__ENTRIES SHOWN__:

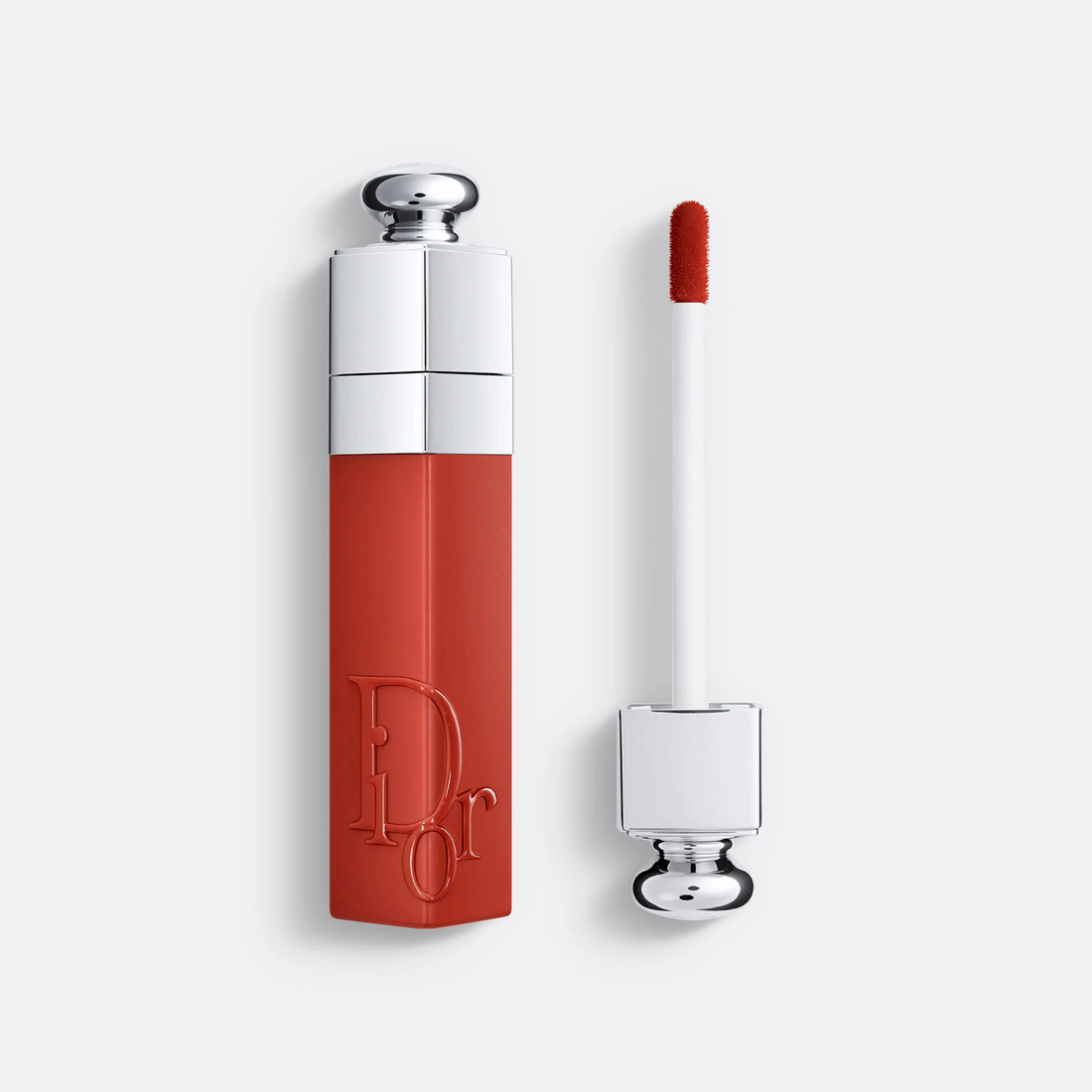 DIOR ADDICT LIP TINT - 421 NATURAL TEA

--

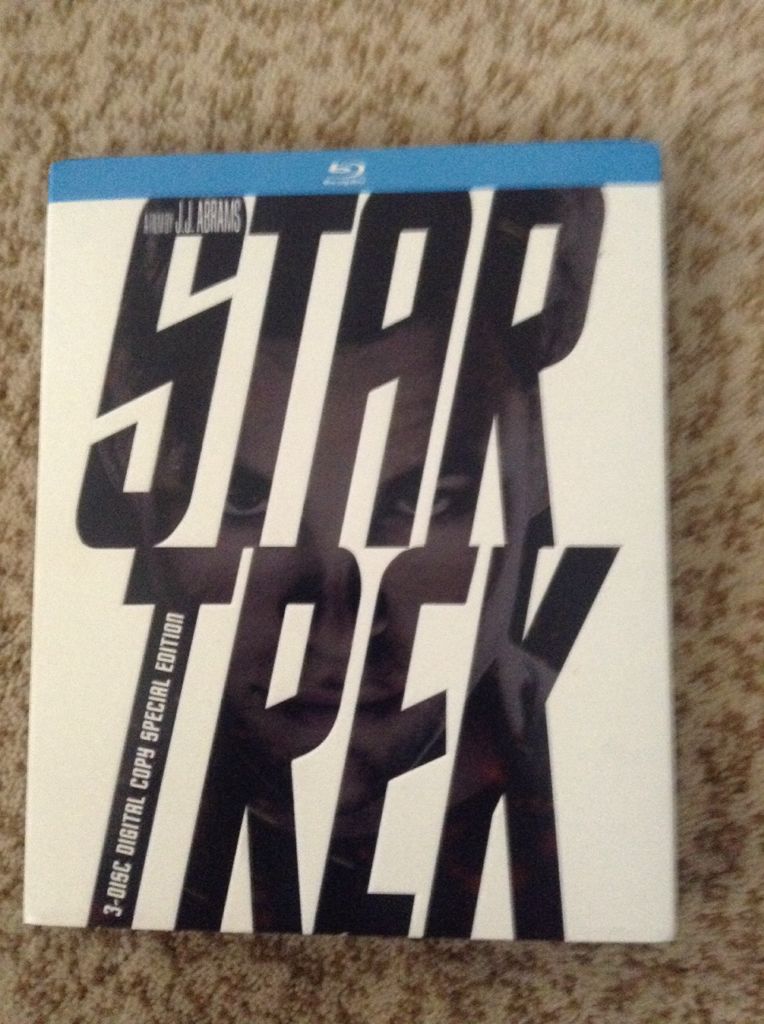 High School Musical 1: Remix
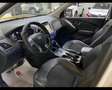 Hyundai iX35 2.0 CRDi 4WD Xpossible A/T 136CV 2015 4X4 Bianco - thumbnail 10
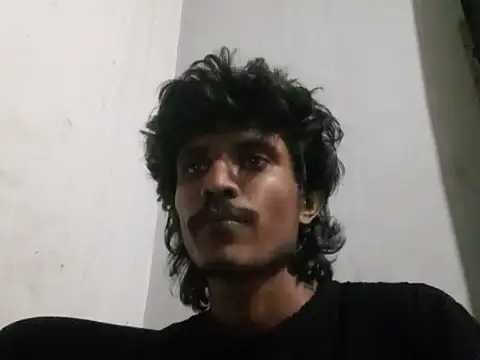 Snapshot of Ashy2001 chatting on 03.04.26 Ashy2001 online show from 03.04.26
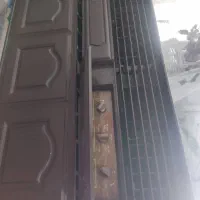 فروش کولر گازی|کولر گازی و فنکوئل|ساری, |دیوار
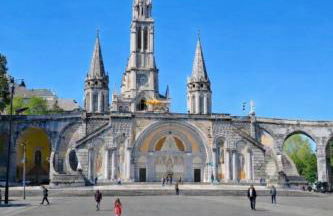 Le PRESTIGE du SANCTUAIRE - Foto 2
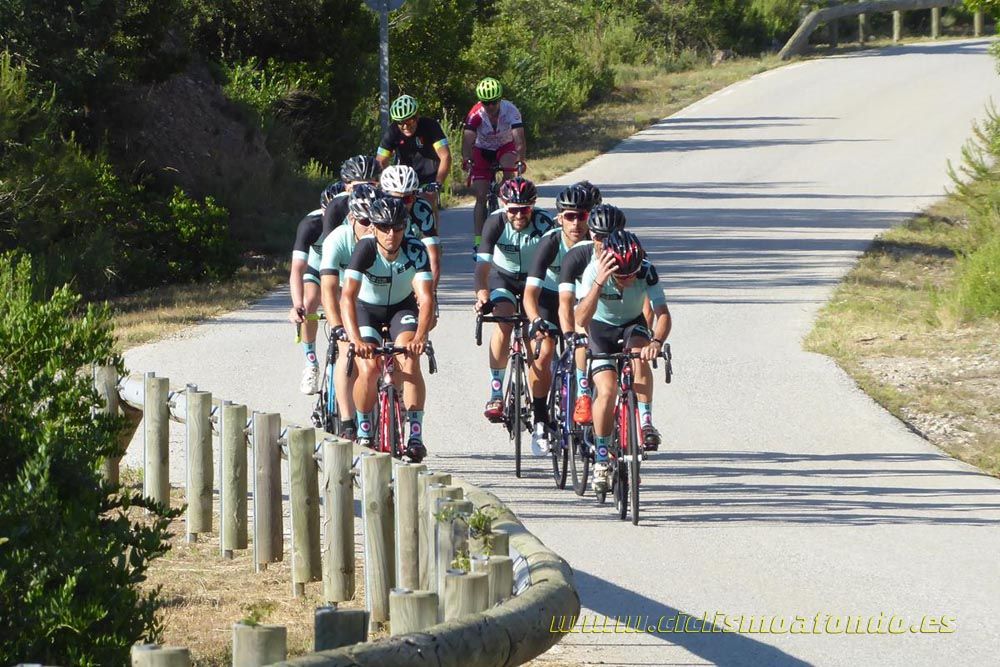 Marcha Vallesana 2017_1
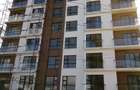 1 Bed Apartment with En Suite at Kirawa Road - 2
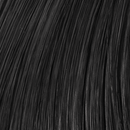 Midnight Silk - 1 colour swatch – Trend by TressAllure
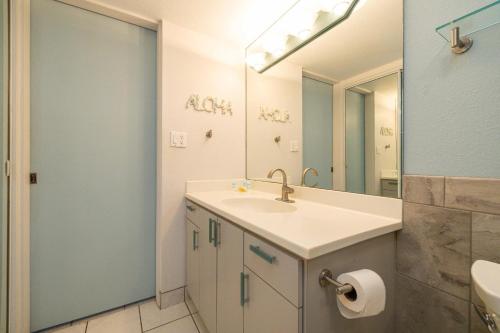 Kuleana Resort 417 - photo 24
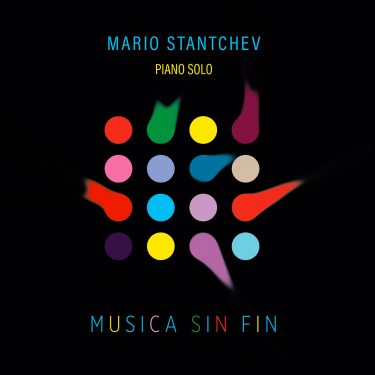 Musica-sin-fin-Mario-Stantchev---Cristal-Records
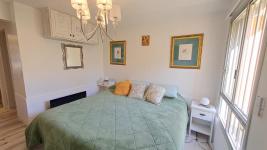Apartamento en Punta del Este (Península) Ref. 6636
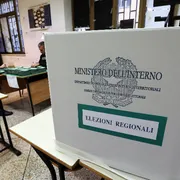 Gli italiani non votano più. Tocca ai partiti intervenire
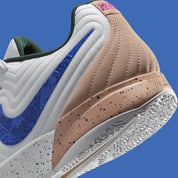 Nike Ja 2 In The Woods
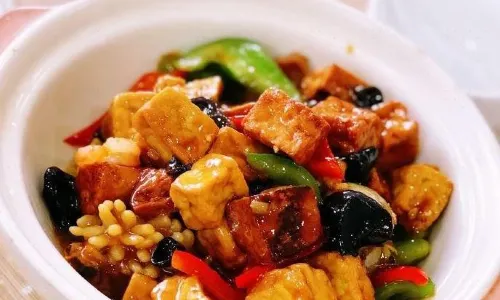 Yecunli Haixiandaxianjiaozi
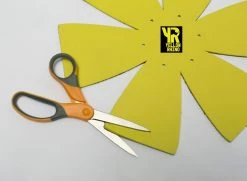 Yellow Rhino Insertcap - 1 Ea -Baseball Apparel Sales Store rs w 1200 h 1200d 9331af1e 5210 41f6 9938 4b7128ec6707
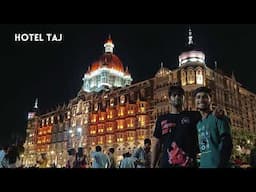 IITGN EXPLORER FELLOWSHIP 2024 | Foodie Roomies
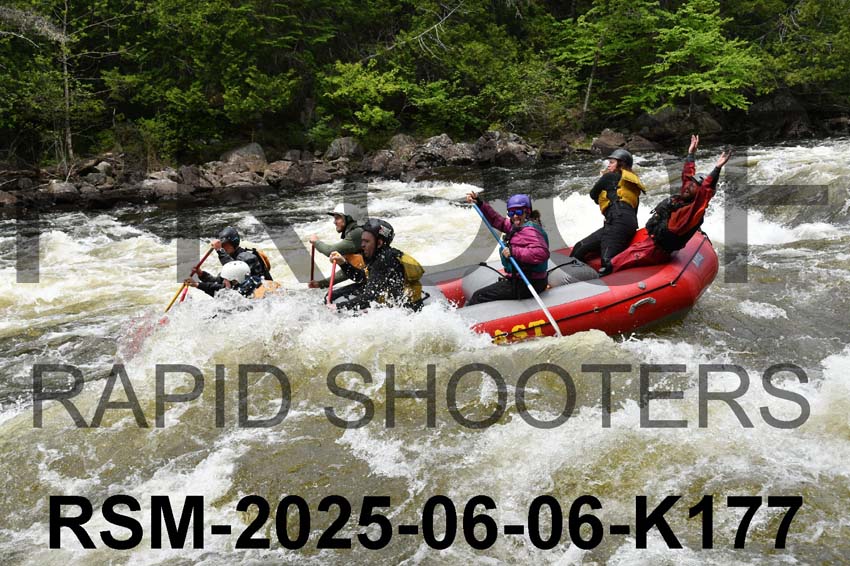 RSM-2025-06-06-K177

==

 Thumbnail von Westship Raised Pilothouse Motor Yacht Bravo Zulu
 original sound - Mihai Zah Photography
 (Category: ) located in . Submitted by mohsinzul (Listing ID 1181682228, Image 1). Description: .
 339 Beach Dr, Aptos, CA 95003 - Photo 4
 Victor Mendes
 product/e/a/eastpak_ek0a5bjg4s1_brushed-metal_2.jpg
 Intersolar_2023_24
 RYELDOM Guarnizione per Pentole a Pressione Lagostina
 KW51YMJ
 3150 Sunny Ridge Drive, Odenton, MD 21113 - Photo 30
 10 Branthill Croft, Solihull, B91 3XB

__AIM OF THE EXERCISE__:
Take the material above from the line bearing "Nike Ja 2 In The Woods" through the line bearing "RSM-2025-06-06-K177" and write it out exactly, both end lines included. Pictures stay out.

__SOLUTION__:
 Nike Ja 2 In The Woods
 Yecunli Haixiandaxianjiaozi
 Yellow Rhino Insertcap - 1 Ea -Baseball Apparel Sales Store rs w 1200 h 1200d 9331af1e 5210 41f6 9938 4b7128ec6707
 IITGN EXPLORER FELLOWSHIP 2024 | Foodie Roomies
 RSM-2025-06-06-K177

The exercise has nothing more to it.